About six weeks into the current spring semester, I stepped in to teach an electromagnetics course when a professor from the Electrical and Computer Engineering Department at the University of Hartford needed to take emergency leave. Returning to teach this subject after six years has been eye-opening. The contrast between teaching methodologies in 2019 versus now reveals a significant transformation in engineering education—one largely driven by the integration of artificial intelligence tools into the classroom experience. My Teaching Journey
After serving three amazing and fulfilling semesters as a Visiting Professor at the University of Hartford, in September 2019 I moved to the Engineering Department at Holyoke Community College. There, I spent five more amazing and fulfilling years (2019-2024) teaching Circuits 1 and 2 courses to electrical engineering students who typically transfer to university programs like the excellent one at Hartford to complete their Bachelor of Science in Electrical Engineering (BSEE). These foundational classes at Holyoke, usually taken by second-year students, provide the essential groundwork compared to the more advanced electromagnetics course I've now returned to at Hartford.
What's fascinating is how the AI classroom revolution unfolded around me at Holyoke without my complete recognition. While teaching circuits courses day-to-day, AI tools were gradually integrating into my teaching—so incrementally that the transformation wasn't immediately obvious. It was only upon returning to teach electromagnetics at Hartford after six years that the dramatic contrast became apparent.
Problem-Solving Transformation
The traditional approach to electromagnetics problems—careful application of Maxwell's equations, vector calculus, and boundary conditions through meticulous manual calculations using advanced calculus—now exists alongside powerful AI alternatives that can generate solutions almost instantaneously.

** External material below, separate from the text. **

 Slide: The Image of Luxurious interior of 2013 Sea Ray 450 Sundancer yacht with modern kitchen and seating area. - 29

In a recent electromagnetics classroom lecture, I worked through a standard homework problem using the conventional pencil-and-paper method, spending about 10 minutes to complete the derivation and solution. When I ran the same problem through Gemini AI, the contrast was striking. Within seconds, Gemini produced the correct solution, presented step-by-step with conceptual connections that enhanced understanding. However, I found that running the same problem multiple times through Gemini sometimes did not produce the correct answer, though the level of detail in the solution made it easy to identify the error. Gemini is just one of many and as these AI systems continue to improve, these errors will become less and less frequent.

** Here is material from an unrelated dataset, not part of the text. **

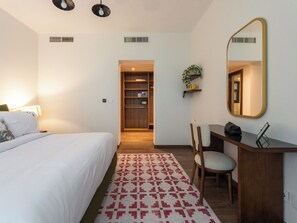 Habitación de hotel con cama, escritorio, silla, espejo, estante con planta y alfombra estampada.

Redefining Educational Focus
This technological shift is reframing the fundamental questions we ask in engineering education:
- Instead of "How do we solve this problem?" we're increasingly asking "How do we interpret and verify these solutions?"

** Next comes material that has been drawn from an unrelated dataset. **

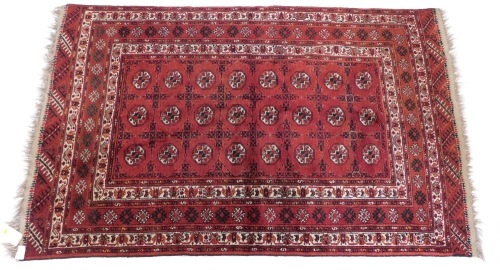 A Bokhara rug, with a typical design of three rows of medallions on a red ground, with multiple borders, 220cm x 140cm.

- Rather than spending most of our time on calculation mechanics, we can focus on "What deeper insights can we gain from these results?"
- The emphasis moves from computation to critical evaluation: "How do we assess the validity and limitations of AI-generated solutions?"
Finding Balance in Engineering Education
Despite these changes, foundational knowledge remains essential. Students still need to understand Maxwell's equations, boundary conditions, and vector analysis. The difference is that AI now serves as a powerful tool for exploration, verification, and extending understanding beyond textbook problems.
For today's engineering students, proficiency with AI tools is becoming as important as understanding the core principles of their discipline. They need to learn when to rely on their foundational knowledge, when to leverage AI assistance, and most importantly, how to critically evaluate AI-generated solutions.
Looking Forward
This unexpected return to teaching electromagnetics at Hartford after a six year gap has provided a unique vantage point to witness the evolution of engineering education. The combination of traditional engineering fundamentals with cutting-edge AI tools promises to produce graduates better equipped to tackle the complex technological challenges of tomorrow.
As educators, our role continues to evolve. We're no longer just teachers of technical content, but guides helping students navigate the increasingly AI-augmented landscape of engineering practice. This includes fostering the critical thinking skills needed to effectively collaborate with AI systems while maintaining the fundamental understanding that makes such collaboration meaningful.